Thursday, 24 June 2021
Questions without Notice
My question is to Senator Reynolds, the Minister representing the Deputy Prime Minister and Minister for Infrastructure, Transport and Regional Development. Earlier this year, at a Senate Select Committee on Job Security hearing discussing foreign flagged vessels, Nationals Senator Canavan identified:
… we have just got to step in and create the circumstances to bring shipping back to Australian flagged vessels.
Why is the Morrison government promoting the use of foreign flagged coastal ships, putting at risk the sovereignty of Australia's supply chain, risking jobs and devastating the ability of the Inland Rail project to attract the required private investment to make it work?
I can confirm that, on 21 September 2020, the department did release a discussion paper proposing changes to the coastal trading framework for cargo vessels. The proposed changes are based on stakeholder feedback. The department received 44 submissions, including from shipping companies, the maritime industry, unions and onshore businesses. Nothing in the paper is yet final. The department will continue to work collaboratively to find an outcome that all parties can accept.
Under the proposed reforms, protections for Australian vessels will be maintained and foreign vessels will continue to need licences. Opening the coast, a strategic fleet or high-cost subsidies will not be considered. The options suggested in the discussion paper are focused on achieving administrative efficiencies within the current system. On 10 June 2021, the Special Recreational Vessels Amendment Act 2021 received royal assent. This extends the superyacht registration for two years and allows more time to develop a more permanent regulatory solution.
Has the minister explained to the mayors of Albury, Parkes, Narrabri and the Scenic Rim, many of whom are visiting Canberra at the moment, that the expected jobs and investment coming to their regions from the Inland Rail project are being put in jeopardy by the Morrison government's promotion of foreign flagged coastal ships? Have you done that, Minister?

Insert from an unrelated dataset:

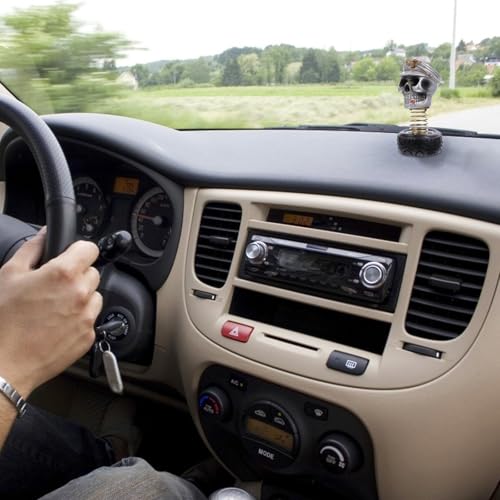 Calavera Kichvoe de resina resistente, el adorno elegante para coche 7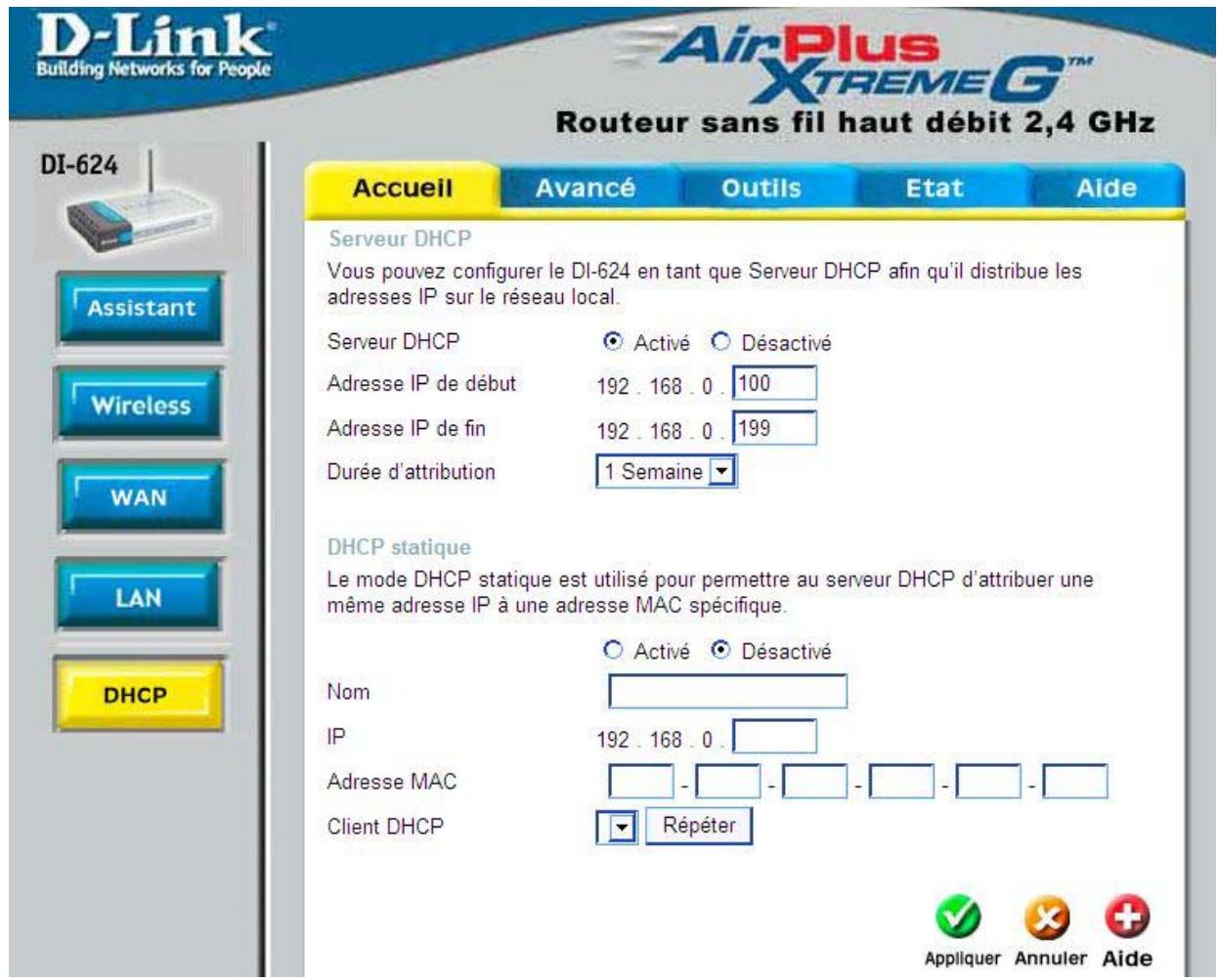 D-LINK DI-624 WIRELESS - Utilisation du menu de configuration (suite) - 1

Senator Sterle, I'm not sure that you actually heard the answer to the first question, so I might just repeat that because it answers your question. Again, we released a discussion paper for the proposed changes to the coastal trading framework for cargo vessels. Again, nothing in the paper is final and the department will continue to work—
Mr President, my point of order is on relevance. The minister is going nowhere near the question I asked about Inland Rail. I would urge you to bring her back to the question.
The supplementary question referred to the mayors of certain towns in New South Wales and investment in the Inland Rail project. That's the part of the question I heard. I'm listening carefully to the minister's answer. I'm not willing to say it's not directly relevant now, because the minister is talking about the project, from my understanding of the answer. I will let the minister continue, but I will remind her of that part of the question.
So, as I had said, under any proposed reforms, protections for Australian vessels will be maintained and foreign vessels will continue to need licences. Opening the coast, a strategic fleet—
Senator Sterle interjecting—
I will take the interjection, Senator Sterle. You obviously didn't hear it the first time I went through this for you. The options suggested in the discussion paper are focused on achieving administrative efficiencies within the current system. (Time expired)
We will have another crack, shall we, Minister? Why was former Deputy Prime Minister McCormack pursuing foreign flagged coastal ships, and what is the position of current Deputy Prime Minister Joyce?
I can go through a third time what we are doing on this policy for the benefit of Senator Sterle, but I think the government's position on this was quite clear. The government's position has not changed.